E a ida do homem à lua em 1969? Quando Armstrong deu os famosos pequenos passos, Manuel de Oliveira já tinha 60 anos e havia realizado recentemente “Acto de Primavera” (1963), “A Caça” (1964), “Villa Verdinho — Uma Aldeia Transmontana” (1964) e “As Pinturas do Meu Irmão Júlio (1965). Mais: quando o Titanic, o famoso navio que fazia a ligação Southampton-Nova Iorque, encontrou o trágico destino num iceberg, o realizador portuense estava ainda longe da fama, mas já era um rapazinho de quatro anos. E teria tanto para ver acontecer.

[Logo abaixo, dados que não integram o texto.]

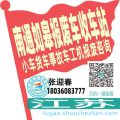南通如皋收车站报废咨询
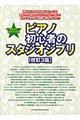 ピアノ初心者のスタジオジブリ 改訂3版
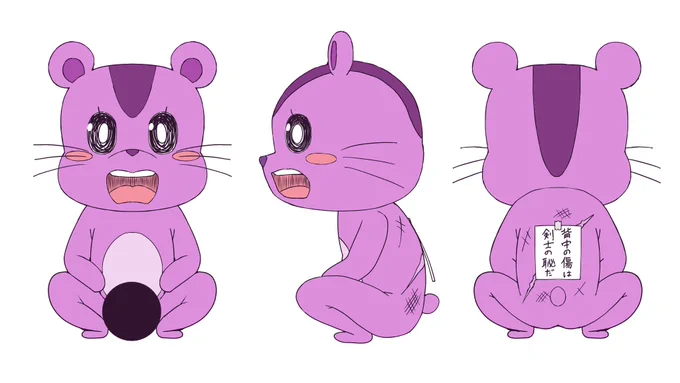 できちゃ!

Da Grande Depressão à Guerra do Vietname

Se agarrarmos em episódios marcantes na História então… por onde começar? A Grande Depressão dos anos 30, o Holocausto, as causas e a morte de Gandhi, o Apartheid na África do Sul, a prisão de Nelson Mandela, a Guerra Fria, o discurso de Luther King, o combate pelos Direitos Humanos, o assassinato de Kennedy, a guerra do Vietname e tantas outras. Manoel de Oliveira respirou todas estas realidades, todos estes acontecimentos, transcritos nos jornais da época, na rádio e depois televisão.

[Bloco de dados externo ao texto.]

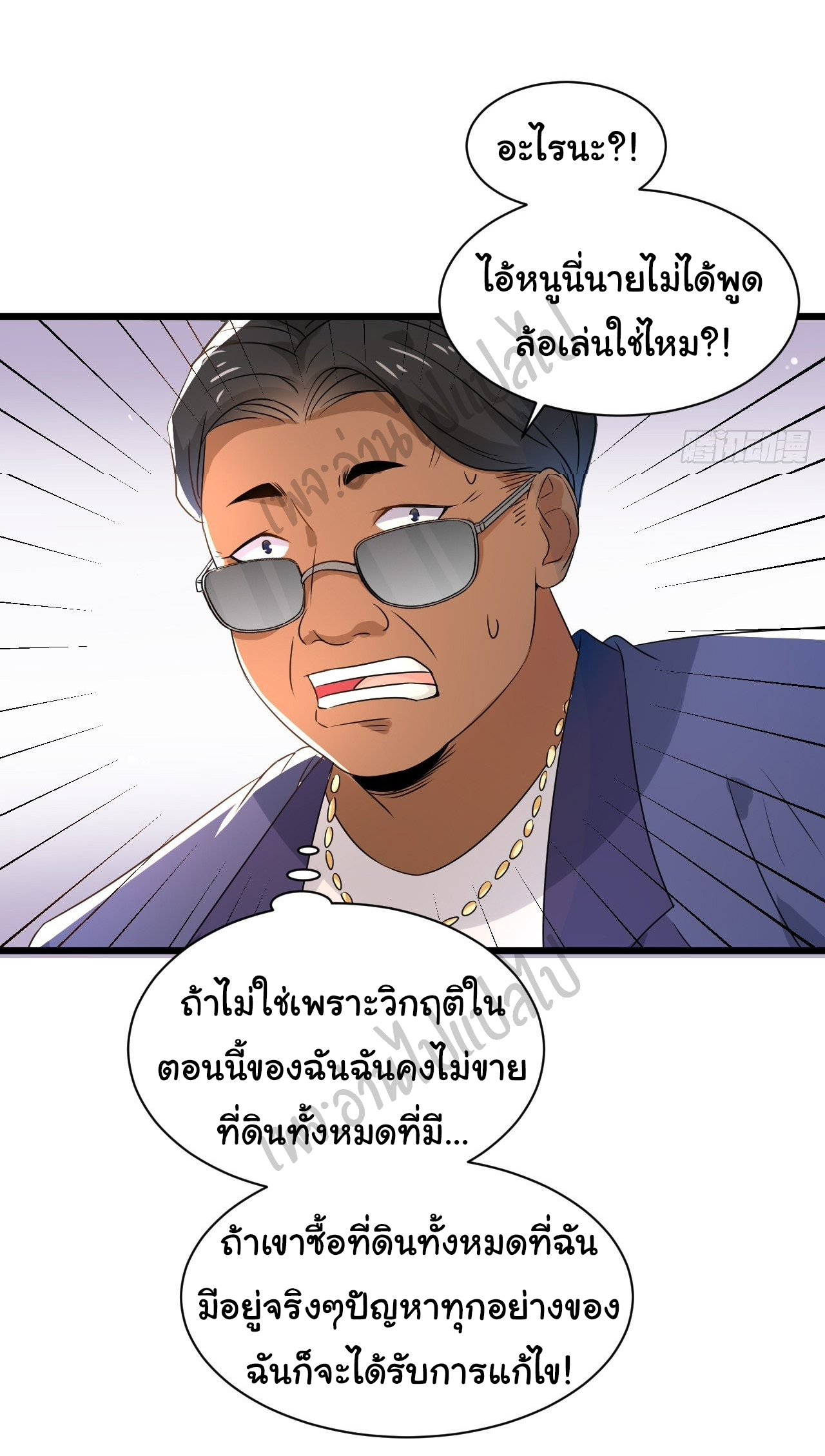 Best system Investors in the city ตอนที่ 5 หน้า 15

De Artie Shaw a Taylor Swift

Quanto à música, um dos hits do ano em que nasceu, 1908, saltava das cordas vocais de Alan Turner. Com 15 anos, uma das canções da moda era “Down Hearted Blues” de Bessie Smith. Aos 30 ouvia-se Artie Shaw, The Andrews Sisters e Ella Fitzgerald, por exemplo. Aos 50 quem brilhava lá fora eram os The Kingston Trio, com “Tom Dooley”. Agora, aos 106 anos, o que está na berra são artistas com ginga e bem-parecidos como Pharrell Williams e Taylor Swift.

O que temia este homem? Não ter tempo. Ironicamente, Oliveira até goleou num jogo contra si próprio na arte de prever o futuro, pois em 1982 realizou um filme para ser exibido após a sua morte. A ideia caiu por terra. Este senhor teria ainda muito para viver. E filmar. “Tenho uma vontade enorme de filmar e fico muito triste se o não puder fazer. O tempo passa excessivamente depressa”, disse em 2008, numa entrevista à revista Visão. O tempo esgotou-se. E o mundo vai voltar a mudar. Agora sem os olhos derrotados e tristes de Manoel de Oliveira, mas com um legado a perder de vista. Basta ler alguns artigos na imprensa internacional para se compreender um bocado melhor a dimensão do realizador. The end.